Start of DATA FOR THIS EXERCISE

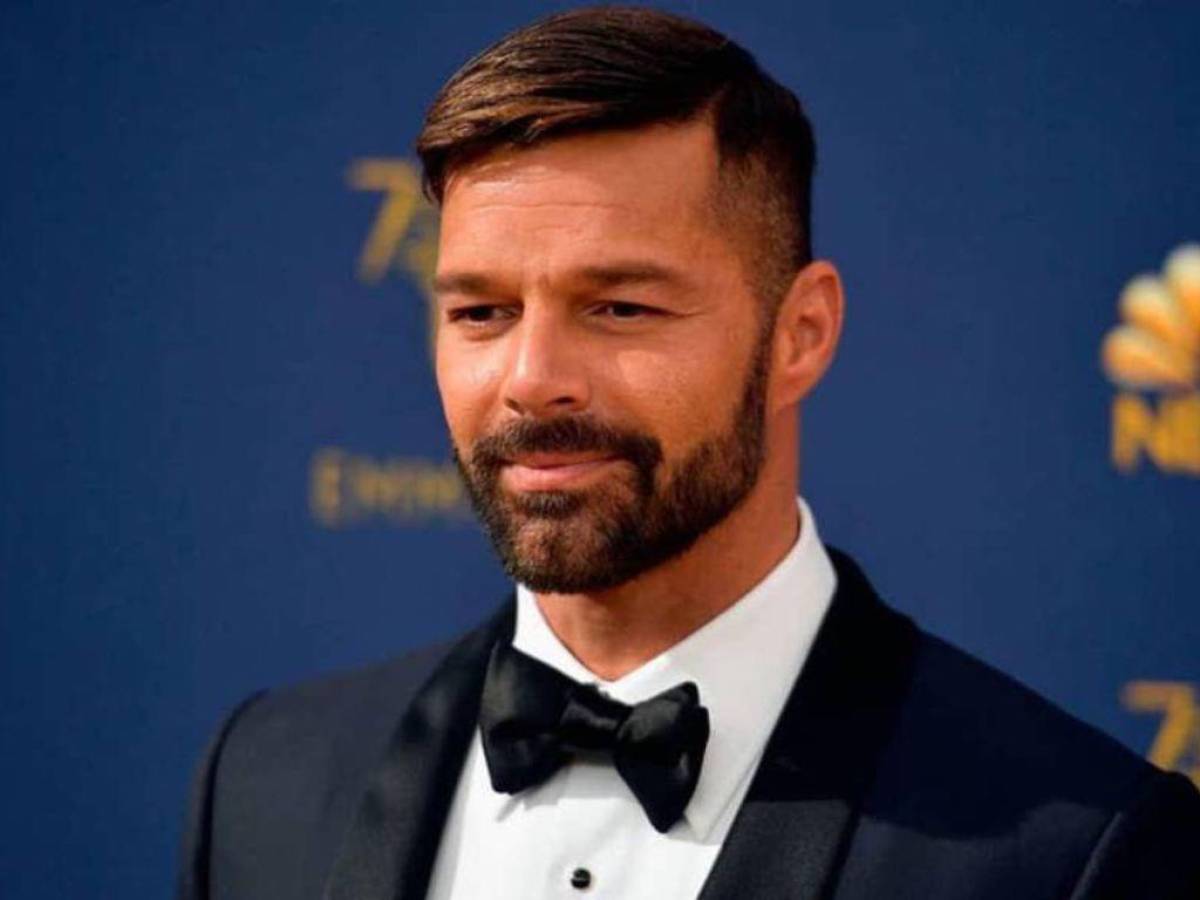 Hermana de Ricky Martin declaró en contra de su hijo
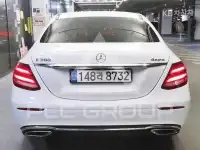 2019 Mercedes Benz E-Class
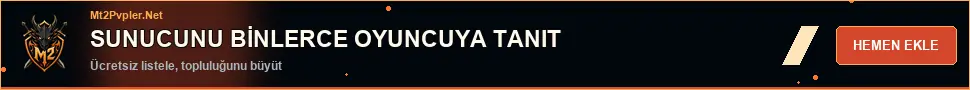 Site Geneli Üst Banner reklam alanı önizlemesi
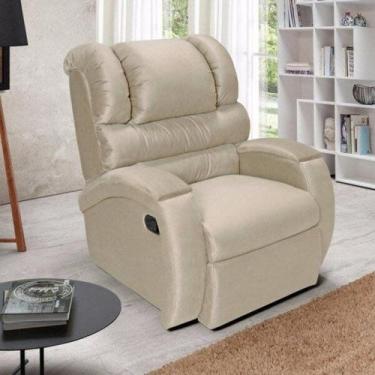 Imagem de Poltrona do Papai Reclinável Imperial - Império Estofados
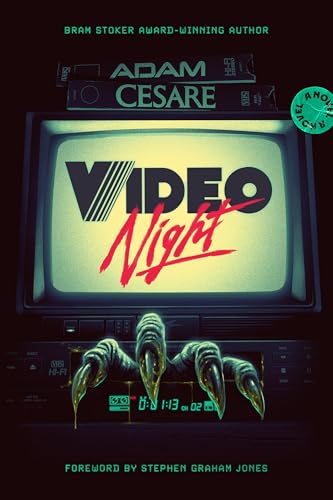 Cover of Video Night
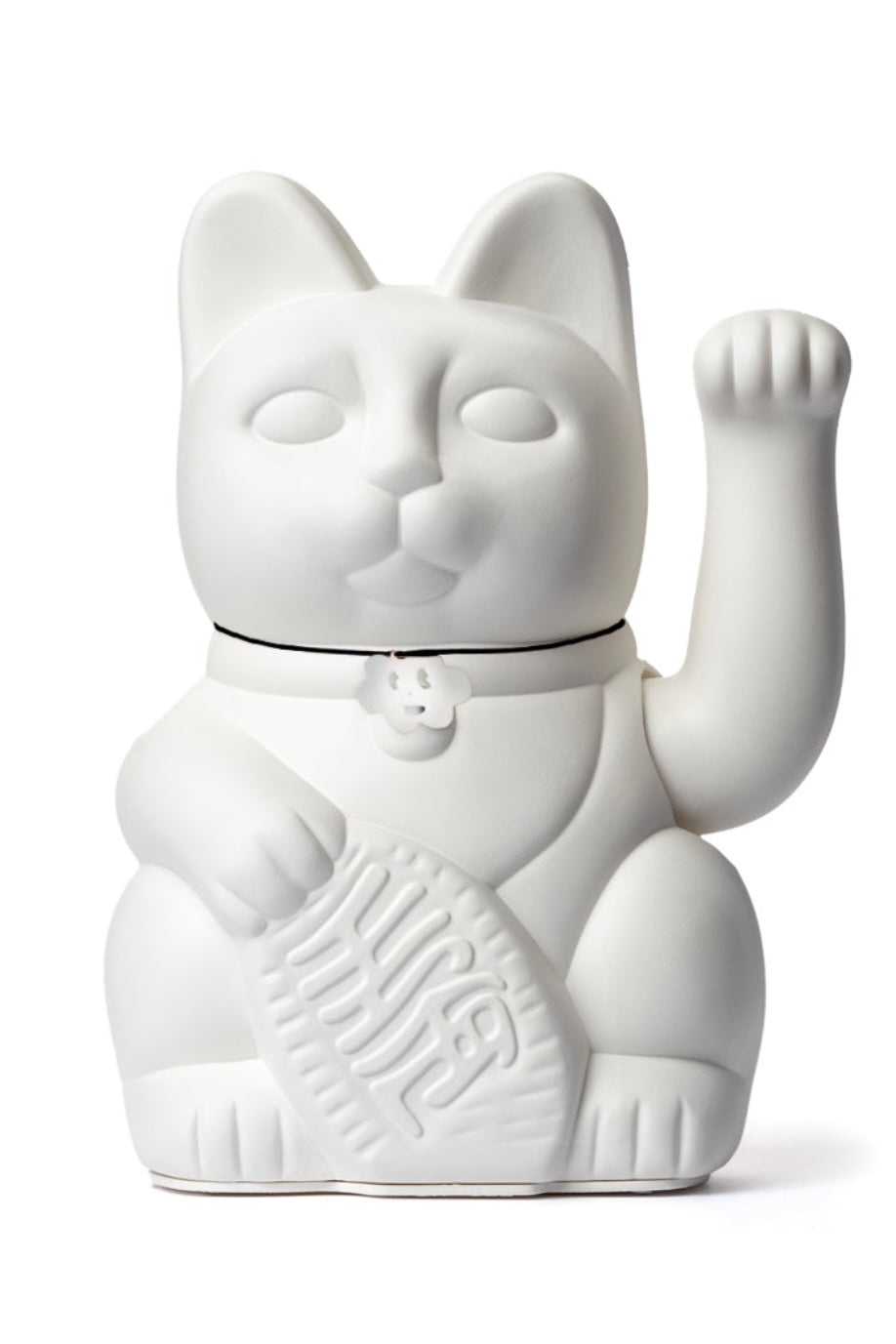 Diminuto Cielo - Διακοσμητικό Επιτραπέζιο Lucky Cat White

End of DATA FOR THIS EXERCISE

TASK: If any image appears in the entries, omit it and return the rest verbatim.

RESPONSE AREA:
 Hermana de Ricky Martin declaró en contra de su hijo
 2019 Mercedes Benz E-Class
 Site Geneli Üst Banner reklam alanı önizlemesi
 Imagem de Poltrona do Papai Reclinável Imperial - Império Estofados
 Cover of Video Night
 Diminuto Cielo - Διακοσμητικό Επιτραπέζιο Lucky Cat White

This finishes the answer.